An example of an automated market maker (AMM), Uniswap launched in November 2018, but has gained considerable popularity this year thanks to the DeFi phenomenon and associated surge in token trading.
Uniswap aims to keep token trading automated and completely open to anyone who holds tokens, while improving the efficiency of trading versus that on traditional exchanges.
Uniswap creates more efficiency by solving liquidity issues with automated solutions, avoiding the problems which plagued the first decentralized exchanges.
In September 2020, Uniswap went a step further by creating and awarding its own governance token, UNI, to past users of the protocol. This added both profitability potential and the ability for users to shape its future — an attractive aspect of decentralized entities.
3. Cosmos (ATOM)
In a nutshell, Cosmos bills itself as a project that solves some of the “hardest problems” facing the blockchain industry. It aims to offer an antidote to “slow, expensive, unscalable and environmentally harmful” proof-of-work protocols, like those used by Bitcoin, by offering an ecosystem of connected blockchains.

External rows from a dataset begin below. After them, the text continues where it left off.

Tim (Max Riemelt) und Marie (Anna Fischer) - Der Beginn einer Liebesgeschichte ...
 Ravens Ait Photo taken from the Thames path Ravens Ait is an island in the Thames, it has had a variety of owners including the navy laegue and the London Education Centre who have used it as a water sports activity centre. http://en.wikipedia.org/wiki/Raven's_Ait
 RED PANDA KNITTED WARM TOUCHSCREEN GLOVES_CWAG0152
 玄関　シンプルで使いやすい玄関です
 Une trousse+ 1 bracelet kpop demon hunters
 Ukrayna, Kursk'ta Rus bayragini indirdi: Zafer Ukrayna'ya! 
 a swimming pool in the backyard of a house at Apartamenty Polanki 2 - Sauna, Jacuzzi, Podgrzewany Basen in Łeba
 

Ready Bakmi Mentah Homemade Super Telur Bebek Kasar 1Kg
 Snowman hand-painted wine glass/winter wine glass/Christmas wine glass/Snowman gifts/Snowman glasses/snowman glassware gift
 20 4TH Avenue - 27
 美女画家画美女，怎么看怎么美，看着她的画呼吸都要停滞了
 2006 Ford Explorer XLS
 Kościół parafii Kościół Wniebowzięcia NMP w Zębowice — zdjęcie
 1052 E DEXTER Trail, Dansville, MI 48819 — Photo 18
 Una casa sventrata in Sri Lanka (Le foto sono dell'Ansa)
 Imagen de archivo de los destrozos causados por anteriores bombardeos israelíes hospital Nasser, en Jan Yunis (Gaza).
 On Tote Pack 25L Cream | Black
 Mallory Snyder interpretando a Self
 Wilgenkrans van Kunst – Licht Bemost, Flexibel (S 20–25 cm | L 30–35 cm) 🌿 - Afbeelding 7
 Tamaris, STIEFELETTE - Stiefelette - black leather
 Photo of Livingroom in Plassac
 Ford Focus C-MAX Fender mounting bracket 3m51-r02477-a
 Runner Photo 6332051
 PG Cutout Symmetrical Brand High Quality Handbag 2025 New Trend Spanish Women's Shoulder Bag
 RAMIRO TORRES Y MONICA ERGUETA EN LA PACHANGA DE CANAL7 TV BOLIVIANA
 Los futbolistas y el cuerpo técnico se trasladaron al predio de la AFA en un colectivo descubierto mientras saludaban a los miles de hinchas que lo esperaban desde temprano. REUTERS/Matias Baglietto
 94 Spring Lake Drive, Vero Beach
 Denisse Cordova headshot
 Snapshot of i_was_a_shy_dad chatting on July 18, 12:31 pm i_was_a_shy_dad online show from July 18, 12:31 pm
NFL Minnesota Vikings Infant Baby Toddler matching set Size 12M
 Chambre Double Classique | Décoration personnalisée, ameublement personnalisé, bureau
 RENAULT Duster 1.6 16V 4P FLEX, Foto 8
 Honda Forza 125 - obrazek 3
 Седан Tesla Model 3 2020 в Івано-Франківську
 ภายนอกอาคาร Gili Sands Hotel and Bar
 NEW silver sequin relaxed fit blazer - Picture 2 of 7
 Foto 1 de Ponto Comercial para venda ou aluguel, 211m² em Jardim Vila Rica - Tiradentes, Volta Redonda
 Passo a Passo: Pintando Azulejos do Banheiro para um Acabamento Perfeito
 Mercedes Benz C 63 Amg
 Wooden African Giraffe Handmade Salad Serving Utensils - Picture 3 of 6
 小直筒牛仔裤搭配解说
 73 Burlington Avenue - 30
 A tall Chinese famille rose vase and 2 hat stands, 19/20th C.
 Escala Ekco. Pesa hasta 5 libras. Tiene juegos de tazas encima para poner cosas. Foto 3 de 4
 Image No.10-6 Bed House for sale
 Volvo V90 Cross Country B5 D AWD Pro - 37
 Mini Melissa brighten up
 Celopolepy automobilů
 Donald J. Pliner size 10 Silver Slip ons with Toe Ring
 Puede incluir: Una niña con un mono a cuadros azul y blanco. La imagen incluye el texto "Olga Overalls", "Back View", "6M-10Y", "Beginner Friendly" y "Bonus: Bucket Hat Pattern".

The project’s other goals include making blockchain technology less complex and difficult for developers thanks to a modular framework that demystifies decentralized apps. Last but not least, an Inter Blockchain Communication protocol makes it easier for blockchain networks to communicate with each other, preventing fragmentation in the industry.
Cosmos’ origins can be dated back to 2014, when Tendermint, a core contributor to the network, was founded. In 2016, a white paper for Cosmos was published , and a token sale was held the following year. ATOM tokens are earned through a hybrid proof-of-stake algorithm, and they help to keep the Cosmos Hub, the project’s flagship blockchain, secure. This cryptocurrency also has a role in the network’s governance.
4. Celestia (TIA)
Celestia (TIA) is the first modular blockchain network that enables anyone to easily deploy their own blockchain with minimal overhead. Celestia scales by rethinking blockchain architecture from the ground up. It is a minimal blockchain that decouples execution from consensus by introducing a new primitive, data availability sampling. Since Celestia does not impose any execution or settlement constraints, developers are free to define their own execution and settlement environments. This unlocks new, unrealized possibilities for builders and developers.
Celestia is a departure from the status quo of monolithic blockchains. Monolithic blockchains face scaling difficulties because they perform all core functions of a blockchain such as processing transactions, ensuring that transactions are correct, and getting network nodes to agree on both the validity and ordering of transactions. Modular blockchains introduced the notion of decoupling consensus from the execution of transactions, thus achieving greater scalability without loss of security or decentralisation.
A modular approach to blockchains opens up a world of new possibilities. Experimentation becomes much easier as new application-specific or general-purpose blockchains can deploy to Celestia and immediately inherit security from Celestia’s validator set. Modular blockchains enable control over the rules of an application through sovereignty because developers can make alterations to the tech stack without permission from outside applications.
5. Jupiter (JUP)
As one of the industry’s most advanced swap aggregation engines, Jupiter excels in delivering essential liquidity infrastructure for the Solana ecosystem. Moreover, Jupiter is actively expanding its DeFi product offerings, featuring a comprehensive suite that includes Limit Order, DCA/TWAP, Bridge Comparator, and Perpetuals Trading.
6. Axie Infinity (AXS)
Axie Infinity is a blockchain-based trading and battling game that is partially owned and operated by its players.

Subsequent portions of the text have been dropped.